Minnesota taxpayers might have wondered, while gazing at the State Election Campaign Fund portion of form M1, why there are two political parties dedicated to marijuana legalization. Is there some subset of beliefs that divide the parties to the point where they can’t work together? Does one party want cannabis legalized in a different way than the other?

The answer is neither.

According to party leaders, the Grassroots-Legalize Cannabis Party and Legal Marijuana Now Party are basically the same thing — two different brands with a single message, two separate entities obtaining campaign funding for the same goal.

At their inceptions, neither party deployed the words “marijuana” or “cannabis” in their names, but added the terms later when it was deemed helpful to the movement.

Oliver Steinberg, treasurer of the Grassroots-Legalize Cannabis Party, remembers discussing the matter with future presidential candidate Dan Vacek in the late 1990s.

“At which point Mr. Vacek says ‘You know, all we have to do is put it right there on the ballot, call it the Legal Marijuana Now Party and then every vote we get will be a referendum. Every vote we get will be indisputable evidence that there’s a voter that wants legal marijuana.’ So that was the emphasis for trying out the Legal Marijuana Now Party.”

The Grassroots Party of Minnesota formed in 1986 and spun off an additional party in 1996 — the Independent Grassroots Party — which became the Legal Marijuana Now Party in 1998. The Grassroots Party changed its name to Grassroots-Legalize Cannabis Party in 2014. Both have remained at the forefront of the movement to legalize cannabis in the state.

“That was sort of an experiment, branching off from the Grassroots Party,” said Vacek, who ran for President of the United States in 2016 for the Legal Marijuana Now Party. “I think it was primarily a discussion about what name is the best and it turned out that we succeeded in getting two parties out of the deal.”

Minnesota’s major parties — Republican and Democratic-Farmer-Labor — are distinguished from minor parties by two basic characteristics: running more candidates and getting more votes. The state has five minor parties — Independence, Grassroots-Legalize Cannabis, Green, Libertarian and Legal Marijuana Now. The threshold for achieving minor party status is multifaceted, according to the 2018 Minnesota Campaign Manuel, but the basic requirement is consistently running at least one candidate who receives votes “in each county that in the aggregate equal at least one percent of the total number of individuals who voted in the election.”

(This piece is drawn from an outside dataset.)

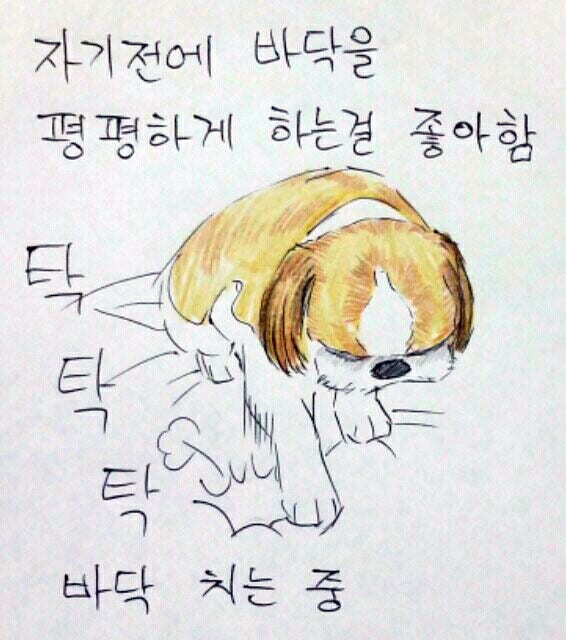 여름 필수품은?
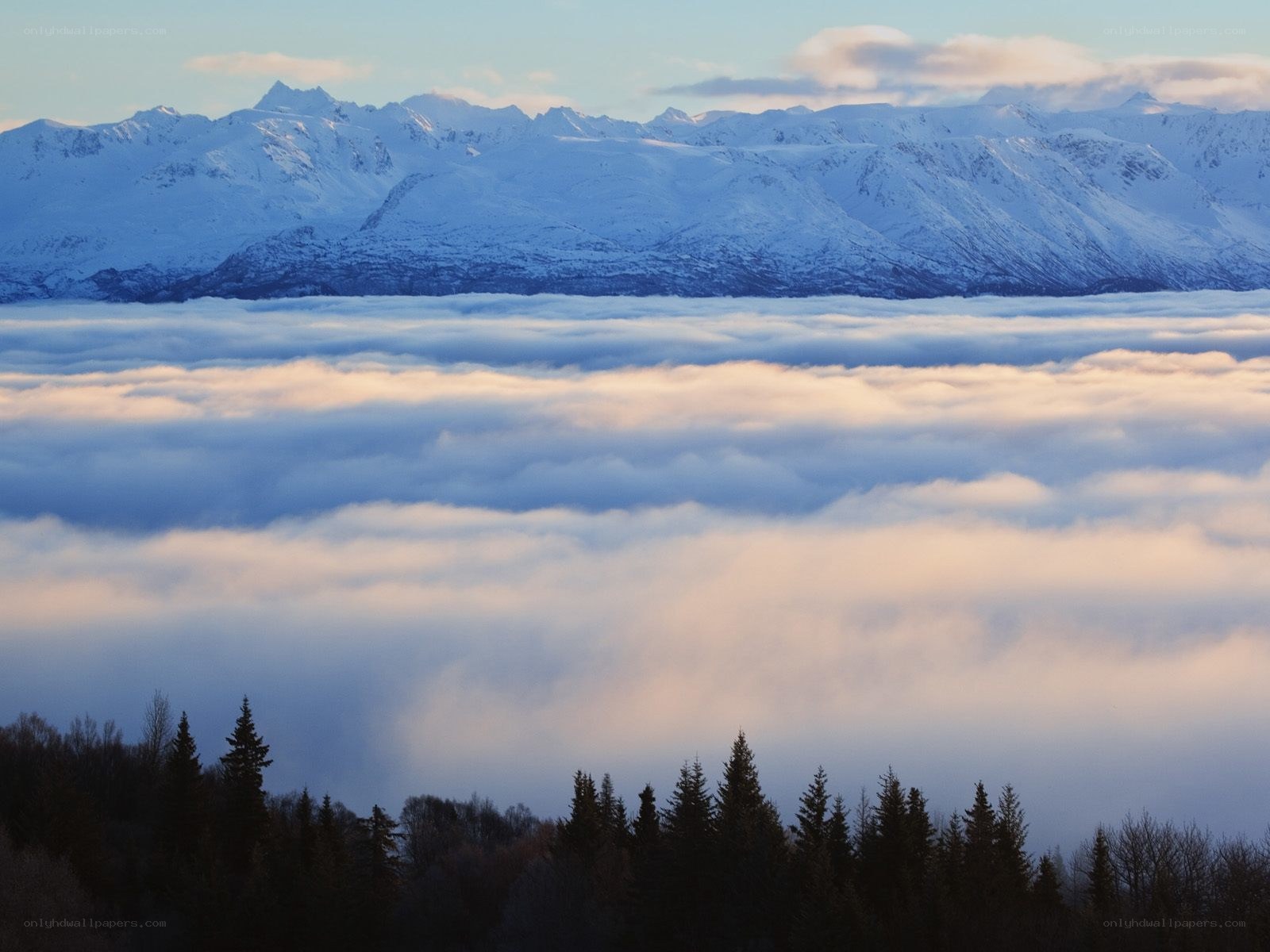 Snowy mountains above clouds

Taxpayers have the option when filing to select a major or minor party and direct the state to contribute $5 to it through the State Elections Campaign Fund (via individual income tax form M1). They can also utilize the Political Contribution Refund program (form PCR) to contribute gifts of money to candidates for state office or to a state political party and apply for a maximum refund of $50 for an individual or $100 for a married couple.

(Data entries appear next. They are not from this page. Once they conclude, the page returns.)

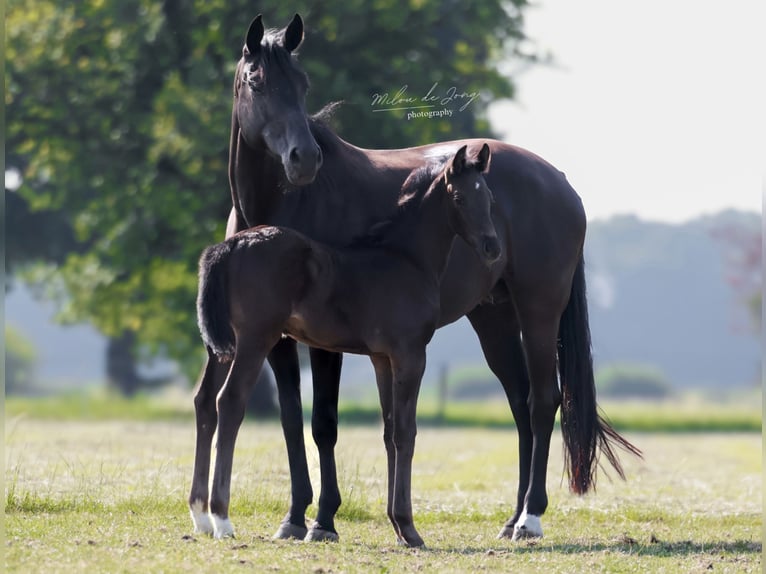 KWPN Hengst  170 cm Schwarzbrauner in Tilburg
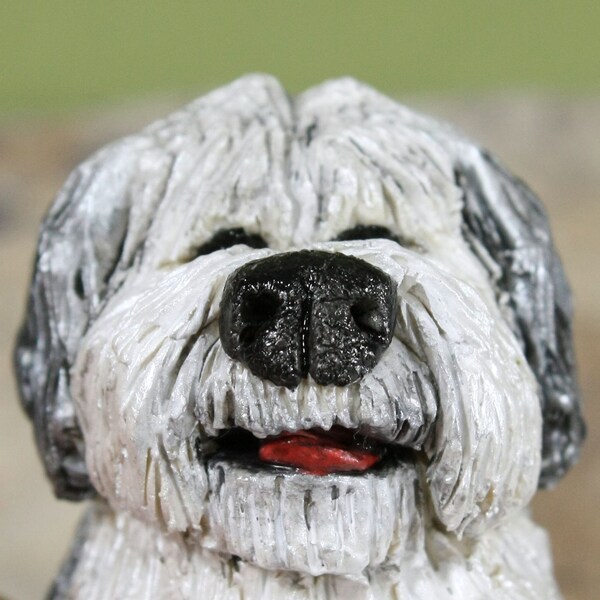 Odin the English Sheepdog
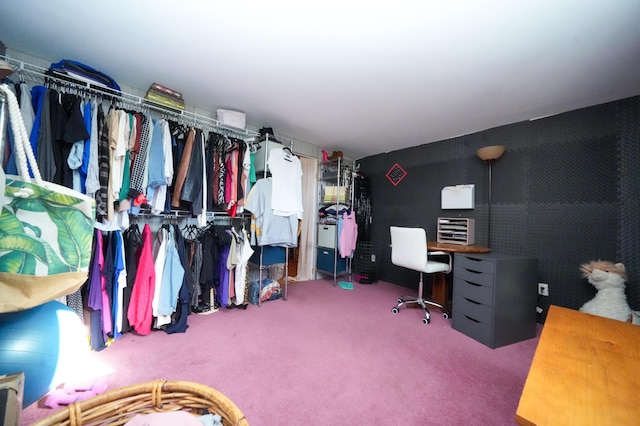 3922 Union St, Levant, ME 04456 - walk in closet with carpet floors
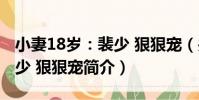小妻18歲:裴少 狠狠寵(關于小妻18歲:裴少 狠狠寵簡介)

Minnesota income and property tax-return forms have a section where taxpayers can check a box instructing the state to designate $5 from the general treasury fund to a selected political party’s State Elections Campaign Fund.

The amount pulled in through the checkoff program is meager. It totalled $736,170 in 2015, according to the State of Minnesota Campaign Finance & Public Disclosure Board 2015-2016 Campaign Finance Summary. There is also a trend of fewer Minnesotans opting to check the box on their tax form. In 1987 the state increased the amount donated through each checkoff from $2 to $5 and the total amount received doubled to $1.8 million. Since then the number of contributions has dropped to the point where the amount collected is virtually the same — roughly $700,000 — as it was in 1986.

Source: State of Minnesota Campaign Finance & Public Disclosure Board 2015-2016 Campaign Finance Summary

Ten percent of the amount designated on a state income or property tax return for a political party is paid to the state central committee of that party. The list below shows both pro-marijuana parties collected less than $1,000 each in 2016.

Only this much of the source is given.